• _Supplied records_:
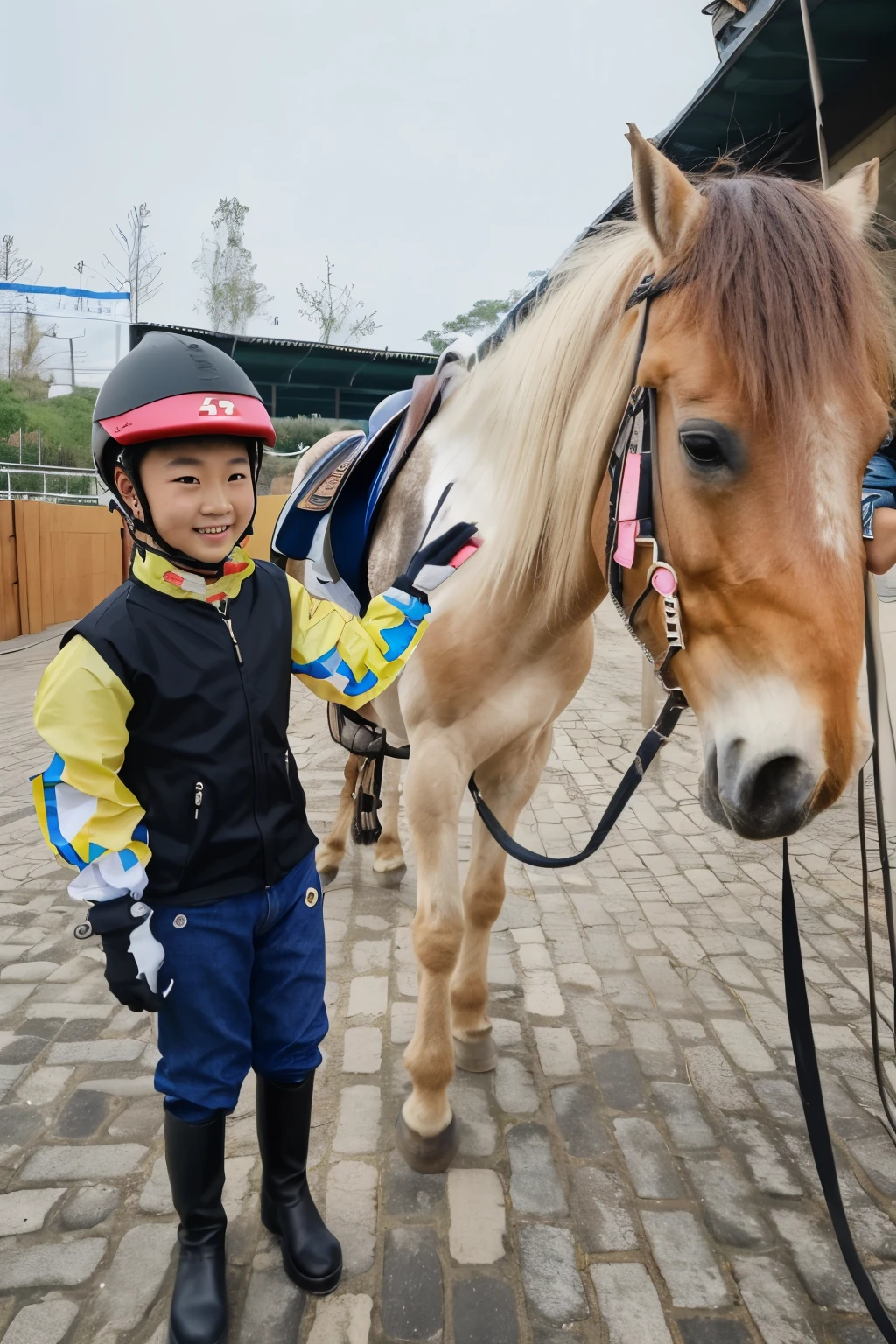 A beautiful(girl),中国girl,Wearing equestrian clothing,砖路上有一匹pony, 👰 🏇 ❌ 🍃,Pull the reins,pony, horse riding, horse riding, Handsome man, Ruan Jia and Brom, With children, horse riding, 🐎🍑。National Geographic Award-winning photos,real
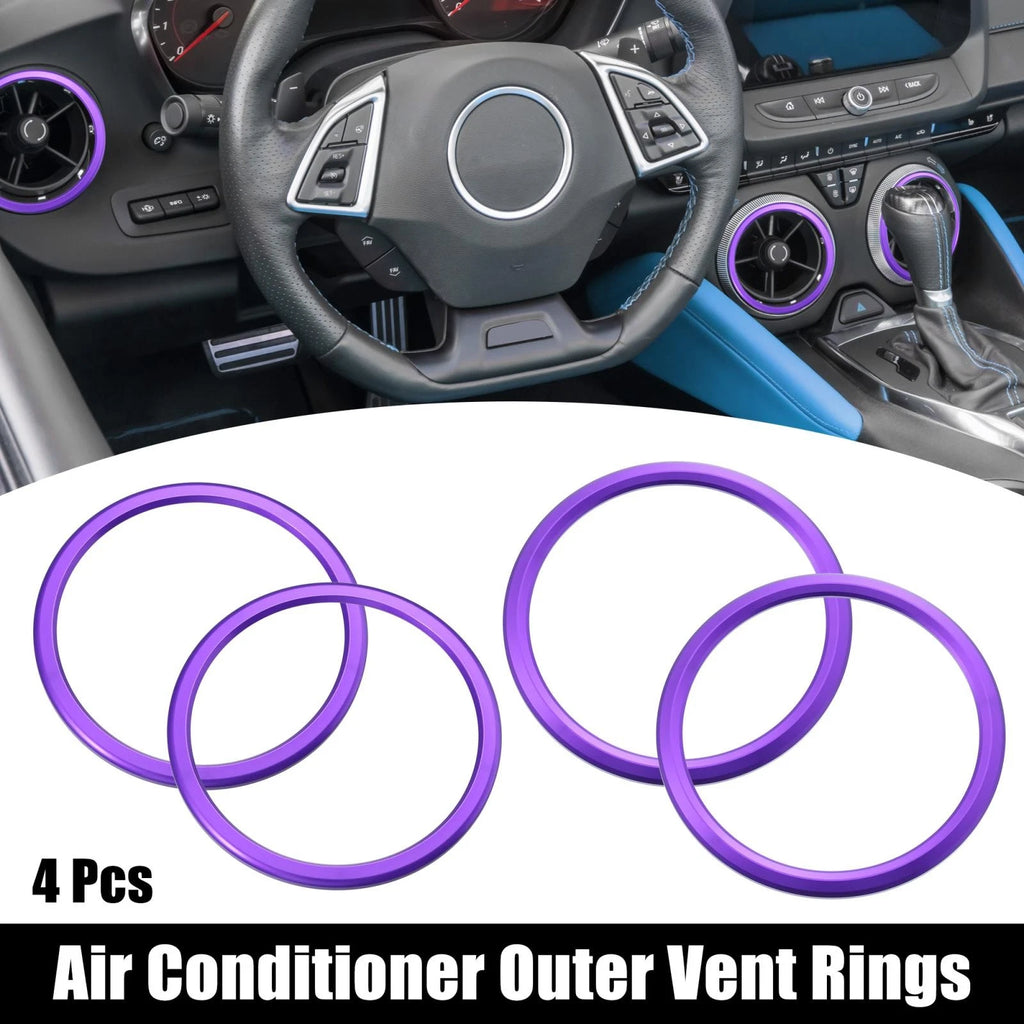 4 Pcs AC Outer Vent Rings Trim Covers for Chevrolet Camaro (2016–2020) Purple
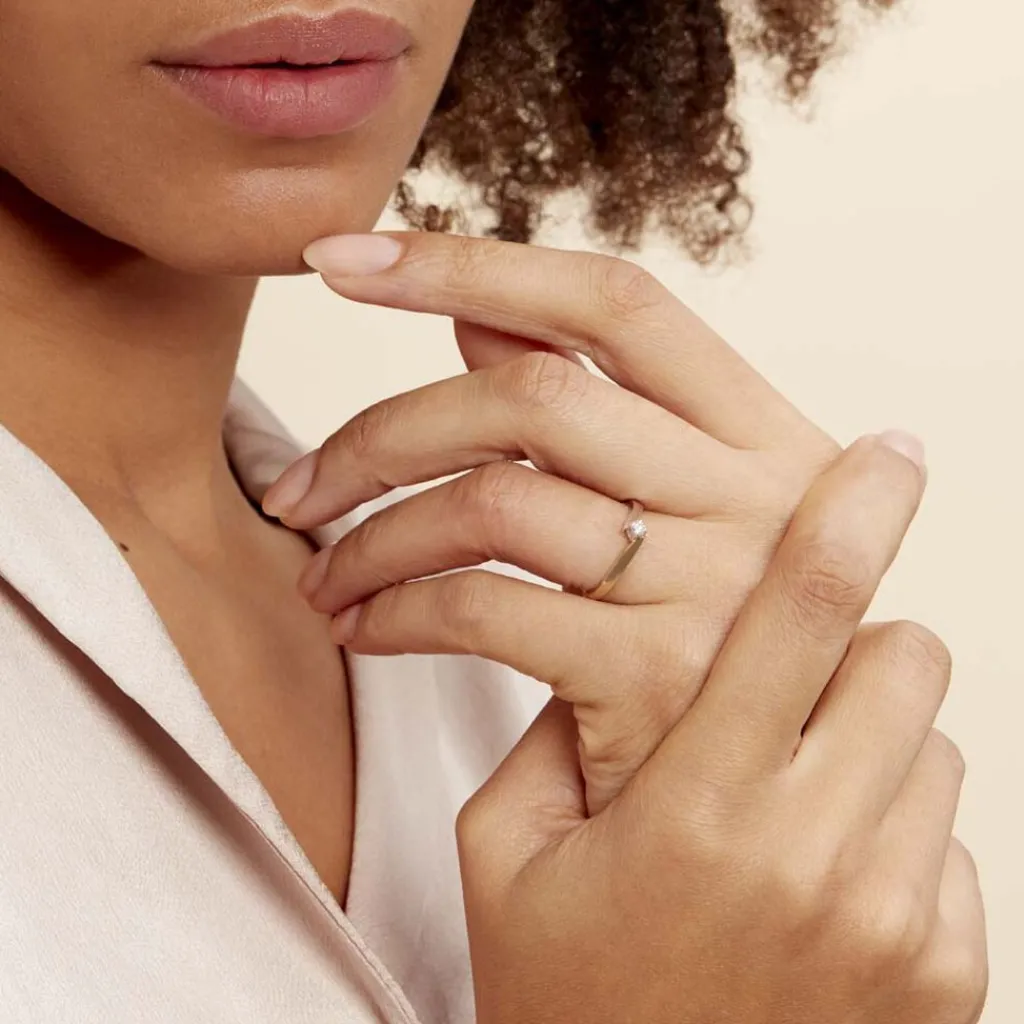 Histoire d'Or Bague Solitaire Francienne Or Bicolore Diamant Sale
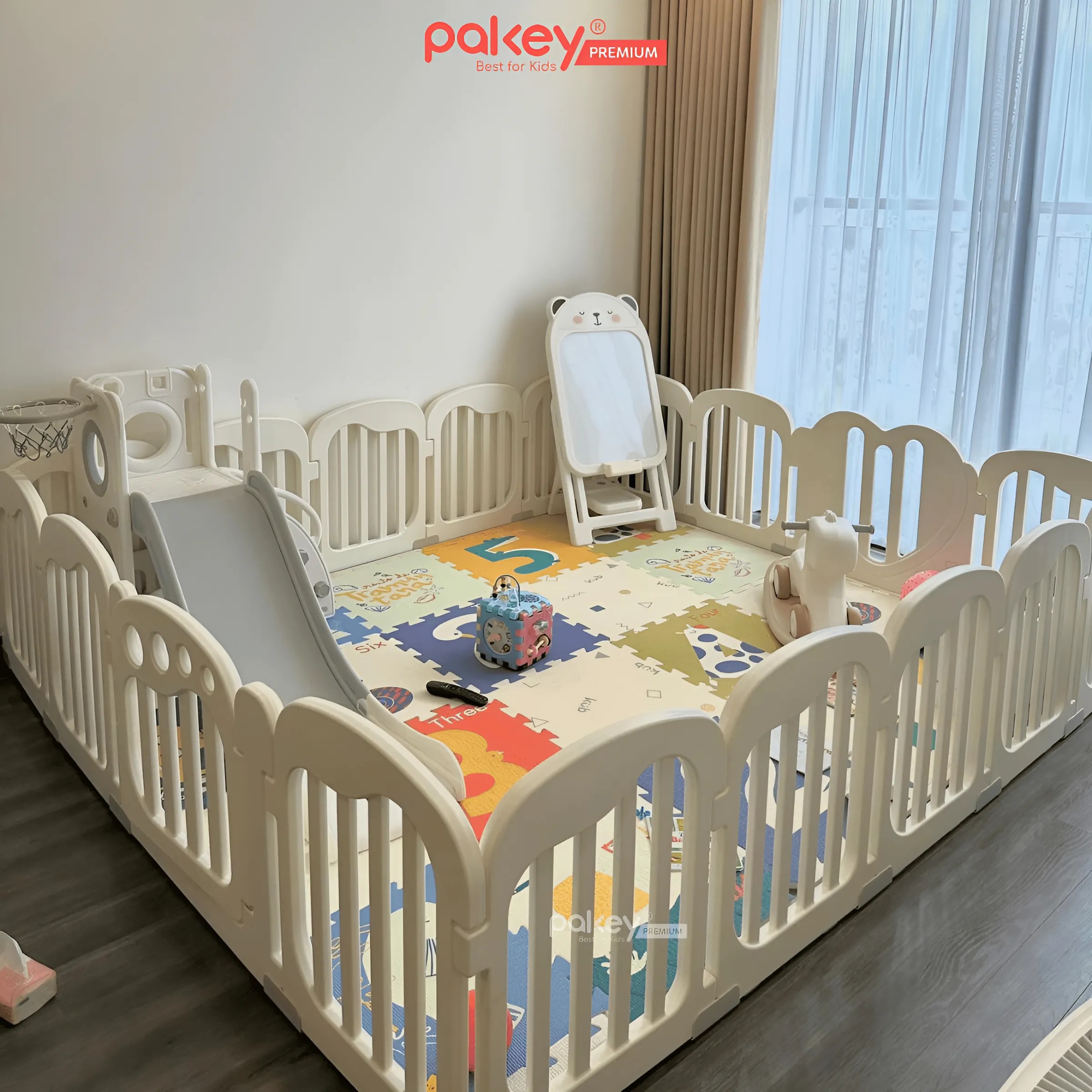 Mô tả Quây Cũi Nhựa PAKEY Cao Cấp Hình Trái Tim, Chiều Cao Vượt Trội An Toàn Cho Bé - Bảo Hành Trọn Đời - 6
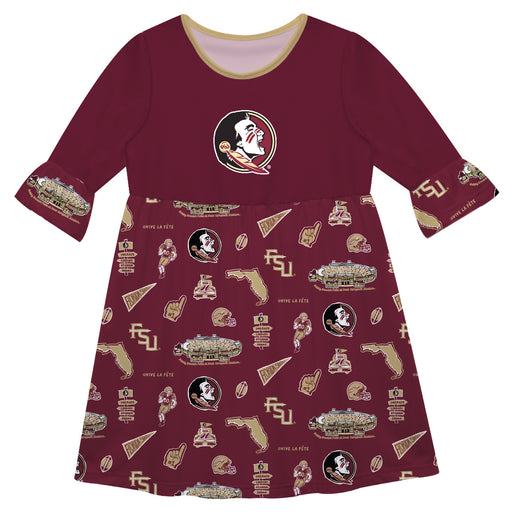 Florida State Seminoles 3/4 Sleeve Solid Garnet Repeat Print Hand Sketched Vive La Fete Impressions Artwork on Skirt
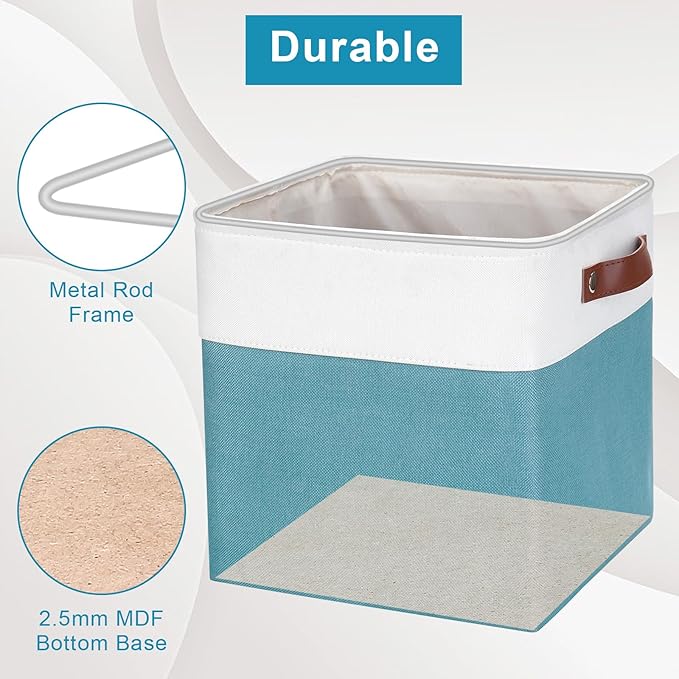 Collapsible Fabric Storage Cubes 11x11 Cube Storage Bins 4 Pack Closet Baskets Box with Handles for Organizing Shelf Toys Clothes Home Office Nursery (Teal&ampWhite)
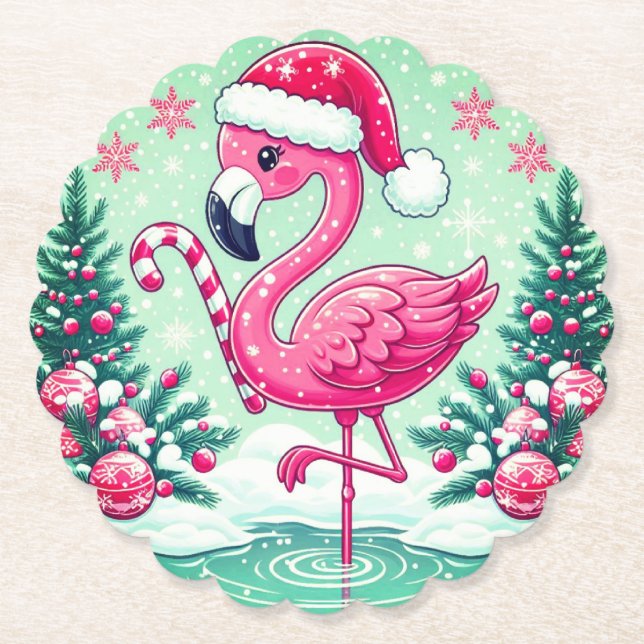 Christmas Flamingo Sublimation-10424 Untersetzer (Vorderseite)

• _Problem description_:
The output consists of exactly the lines from the one containing "Mô tả Quây Cũi" through the last line of the listing, both included, with no pictures.

• _Exercise response_:
 Mô tả Quây Cũi Nhựa PAKEY Cao Cấp Hình Trái Tim, Chiều Cao Vượt Trội An Toàn Cho Bé - Bảo Hành Trọn Đời - 6
 Florida State Seminoles 3/4 Sleeve Solid Garnet Repeat Print Hand Sketched Vive La Fete Impressions Artwork on Skirt
 Collapsible Fabric Storage Cubes 11x11 Cube Storage Bins 4 Pack Closet Baskets Box with Handles for Organizing Shelf Toys Clothes Home Office Nursery (Teal&ampWhite)
 Christmas Flamingo Sublimation-10424 Untersetzer (Vorderseite)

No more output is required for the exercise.